Activity: Stacking Cups

My 14-month-old daughter is currently fascinated with containers, and things that she can put in them, while just as fast taking them right out. So we found a great way to make more fun with this.

Of course I spend a lot of my day in the kitchen, whether cooking and prepping meals, cleaning up the results, or racking my brain (seriously just had to look up whether 'racking' or 'wracking' is appropriate here and apparently the jury is still out) trying to come up with some food ideas my picky-ish toddler will tolerate. So Bugga spends a lot of time at my feet, and I wanted her to be entertained so I could still be productive.
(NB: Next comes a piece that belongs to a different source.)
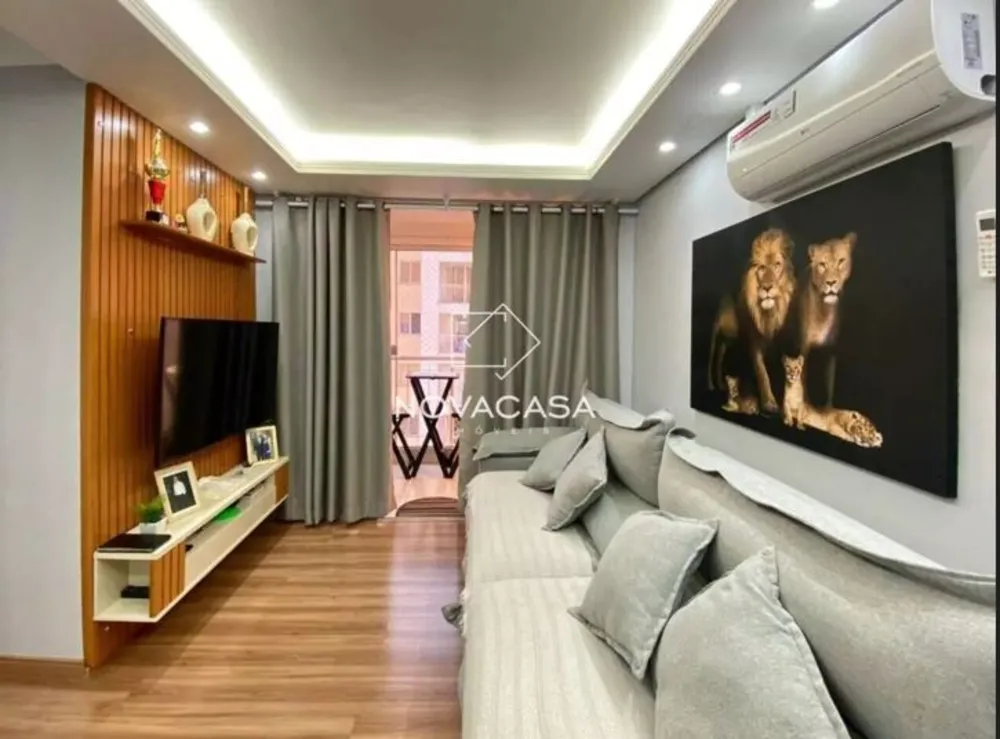 Apartamento, 3 quartos, 88 m² - Foto 8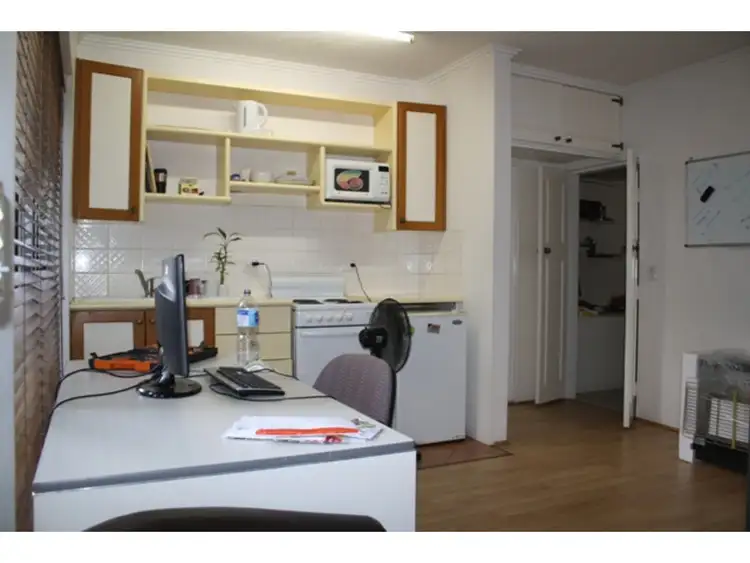 Fourth view of Homely apartment listing, 1/42 Lang Parade, Auchenflower QLD 4066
I designated two lower cabinets to my less-valuable storage containers, all plastic. All other cabinets are of course locked (and she is fascinated by the locks, by the way, but anyway...), but these two contain two large blue tubs of fun. Though it's no Tupperware, the little plastic bowls you get with your Chinese takeout have made for the most fun. I somehow have an assortment of sizes and they all fit perfectly inside each other in any order.

Bugga loves to take these containers, fill them with her little toys, and then stack them up. Then she takes them apart, drags them to the living room, stacks them up again, and puts more toys in them. Then back to the kitchen for the game to begin again. She loves it, and I'm glad that she gets to practice her dexterity, her spacial reasoning, and will even listen to directions if I ask her to "please put that bowl back in the blue bin" or whatever.

I can't wait until she's big enough to help me mix ingredients!